Andrew wrote:Respect folks. Marcie has been thru more than most of us ever will. I'm glad thrilled she's back. What a voice.
I think this says everything...and more.
http://www.lazyrocker.com/index.php?opt ... &Itemid=66
After the ‘Tormented’ album there was a long time of silence around you. You made an impressive decision in your life which takes a lot of courage. How do you look back at that time in your life ?
Marcie: Well, I really had no choice in the matter. It was either be true to myself, or die at that point. My drinking and drugging to numb the pain of being me had taken it’s toll and were not working any longer. I couldn’t’ go on if I wanted to live. After “Tormented” I needed to be alone and start a new life. Music became a part of my past. When it got down to it, I looked back on why I wanted to be famous and it all made sense to me. I had to be loved on such a grand scale so as to prove to myself and my parents, who I secretly thought hated me, that I was worthy of love because I did not love who I was.

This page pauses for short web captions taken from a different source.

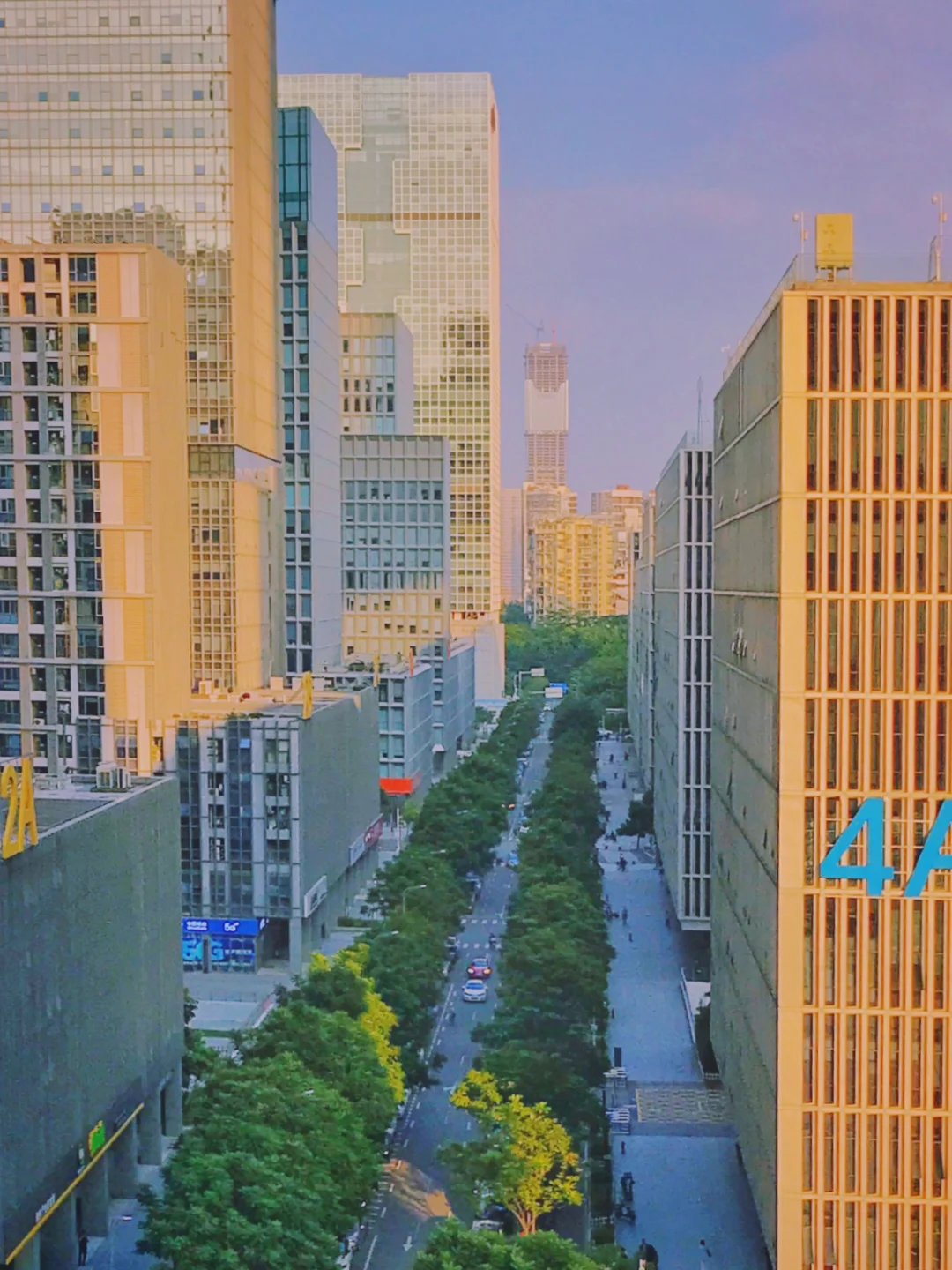 深圳湾软件基地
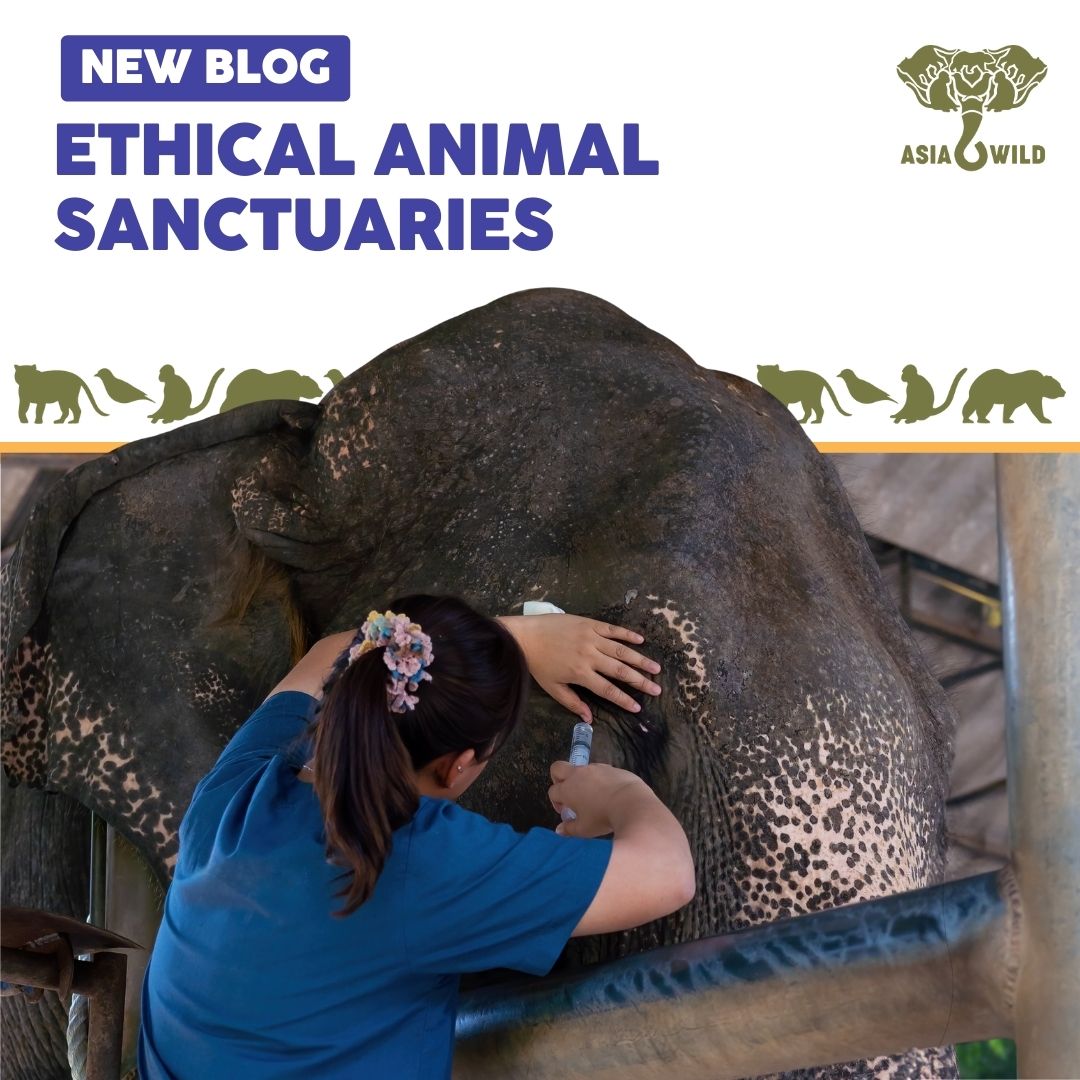 Protecting Asian Wildlife: Choose Ethical Sanctuaries 🦁🐘🌿

#AsiaWild works directly with local sanctuaries to ensure a safe haven for Asian animals. 🌏💚

Read more: ow.ly/Q9FF50PSIP7

#AnimalSanctuaries #EthicalSanctuaries #ConservationNonprofit #ProtectAsianSpecies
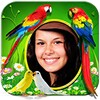 Bird 3D Live Wallpaper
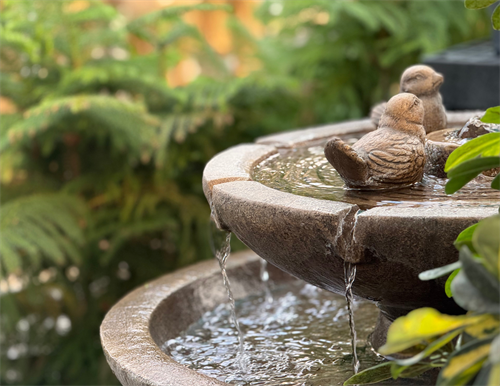 Gallery Image Untitled_design_(2).png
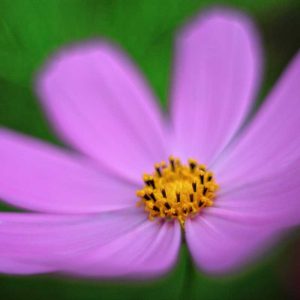 Pairfum Online Shop Hand Lotion Pink Cosmos Flower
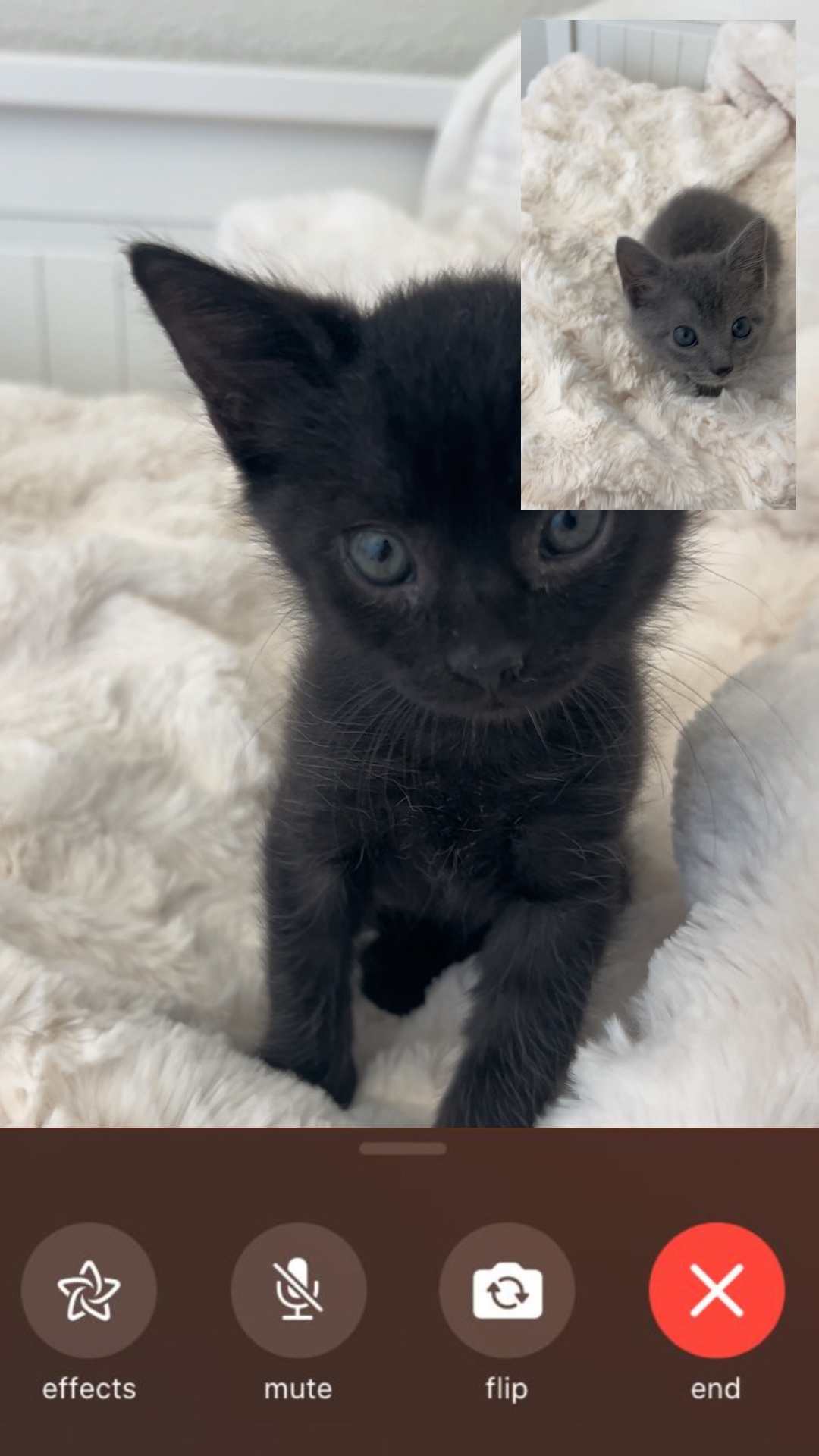 새끼 고양이 페이스타임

In fact I loathed who I was born as. I had no self esteem. I needed to find myself and learn how to give myself the love that I so desperately sought from others. With my faith firmly planted in God and things worthy of praise and self esteem, I was able to venture out in the world slowly but surely. Today I know that I am on the right life path. Because it led me to being back with my natal family as well as my musical family Bruce, Guy, Jay and Larry. I couldn’t be more happy. Finally! Thank you GOD!!!!! I guess the moral of the story is, “Learn to love yourself, and THEN you will be able to love others.”
and here...
http://www.melodicrock.com/interviews/marciefree.html
Just how dark did things get for you Marcie?
If I could've wished myself back to heaven instead of living my life as I am I would have. I never had the courage to actually harm myself. But I thought about it many times.
Yet, you had the courage to make that decision....
Courage or desperation? I think I had no choice in the matter. If I would've continued my life as Mark I would have died for sure.